Desde hace unos meses me telefoneó una dulce abuelita. Me contó de su vida. Escuché sus palabras, imaginando que escuchaba a mi abuelita. Y la sentí como una persona muy especial, diferente, que aún buscaba respuestas a su largo trayecto en este mundo.

Ya sabes que no soy bueno dando consejos. Por eso suelo enviar a las personas que se me acercan con alguna dificultad donde un sacerdote para que les dé consejo espiritual y las guíe. También les sugiero que vayan al sagrario, donde habita Jesús.

Mi experiencia de tantos años, habiendo visto tantos milagros patentes, es que  Jesús en el sagrario tiene las respuestas que estamos buscando. Sabe lo que nosotros ignoramos y lo mejor es que no nos despide con las manos vacías.

Es como si Jesús te dijera:

Extiende tus manos.

—Pero Señor, no tengo nada que ofrecerte. Míralas. Son manos  de alguien que sufre y teme.

—Confía.
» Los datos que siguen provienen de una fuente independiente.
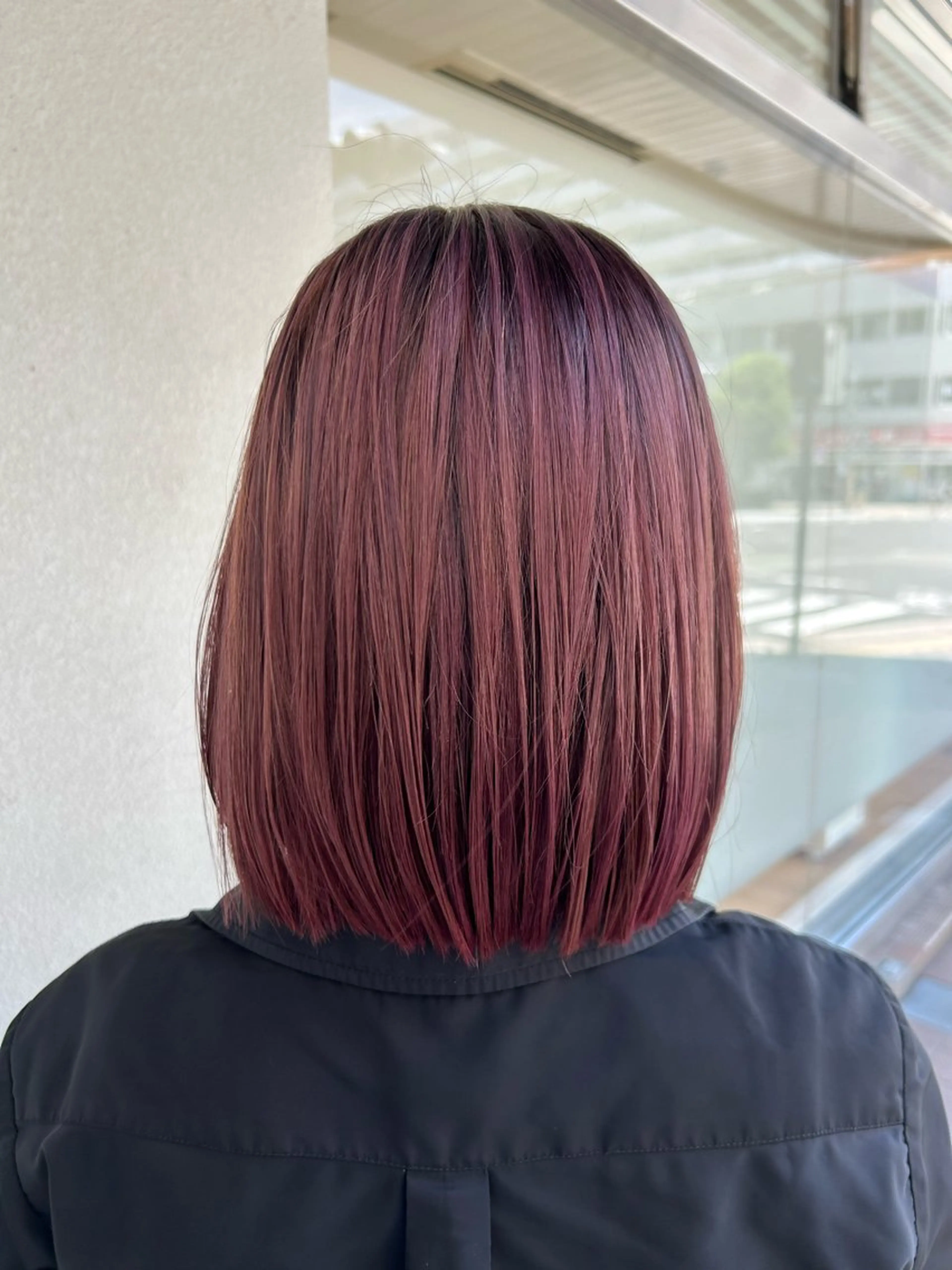 ミディアム ブルー所属・岩野 有紗のヘアスタイル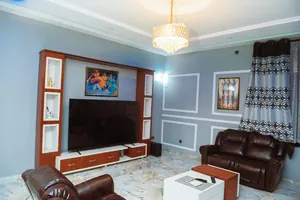 Vente d'une villa duplex meublée à Agodéké, 12 chambres, 600 m², titre foncier personnel – 250 millions FCFA — photo 5
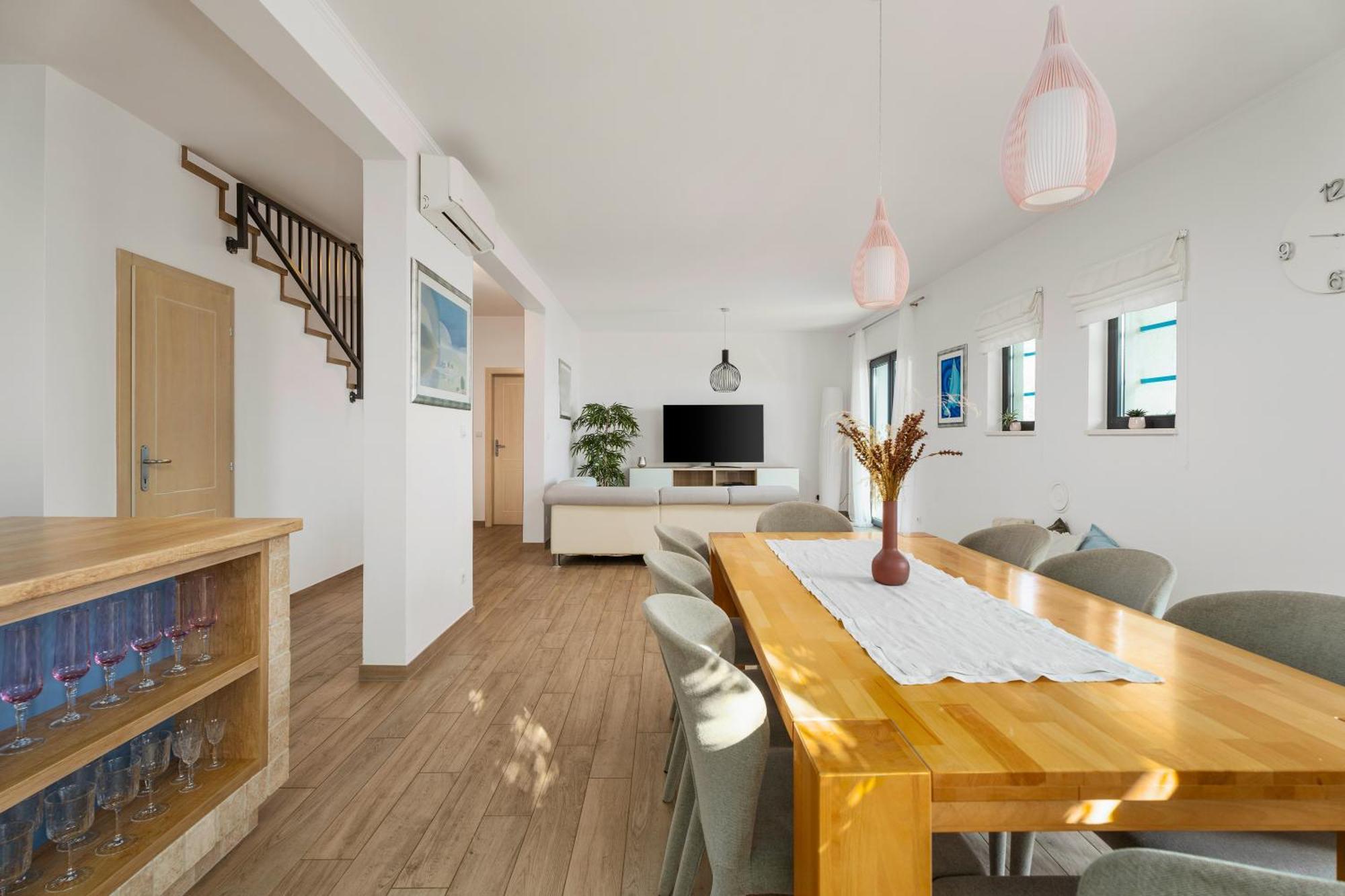 Villa Allegra With 32Msq Heated Pool, 300M Far From Sandy Beaches, Open Sea View Omiš Exterior foto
Dame tus manos que yo las llenaré con mi gracia.

Imagino al pobre que busca un pedazo de pan para saciar su hambre y llega Jesús con una canasta llena de panes, quesos frescos, dulces recién horneados y postres y manjares de todo tipo. Deposita la canasta repleta, en sus manos y le dice:

Ten. Puedes saciar tu hambre.  Calma tu hambre de amor conmigo.  Yo,  que soy el Amor, quiero que conozcas el verdadero amor, puro, eterno.

Aquella ancianita continuó su relato.

—Sufro señor Castro. A pesar de mi edad, no he dejado de sufrir. Sólo encuentro consuelos en mis visitas a Jesús en el sagrario. En su presencia puedo dejar todas mis angustias y temores. Sé que  Él me ve y me escucha atentamente como si yo fuese la única persona en este mundo. Siento sus consuelos y su amor. Quería contarle porque empecé a visitarlo a partir de sus escritos y me pareció que usted debía saber que tenía razón. “Jesús está en el sagrario”.

A partir de aquél días me ha telefoneado un par de veces.  Nunca nos hemos visto. Pero me llama para hablarme ya no tanto de su soledad y sus temores y lo mucho que sufre al sentirse tan sola, sino para hablarme del  amor, del Amado, de Jesús en el sagrario.

De alguna forma estas visitas diarias a Jesús han colmado su vida y transformado sus miedos en serenidad, su dura soledad, en un  motivo para acompañar a Jesús quien pasa también solo en aquel sagrario de esa iglesia de su barrio.

Ambos se acompañan y charlan largos ratos,

Y tú, querido lector, te imploro, no dejes solo a Jesús en el sagrario. Anda, hazle compañía.

Él anhela tu presencia, verte, llenarte de amor y gracias y consuelos.

Y cuando vayas, reza por esta dulce abuelita y por tantas otras que se sienten solas  y desamparadas, para que encuentren el amor, la ternura  y la compañía que necesitan en su vejez.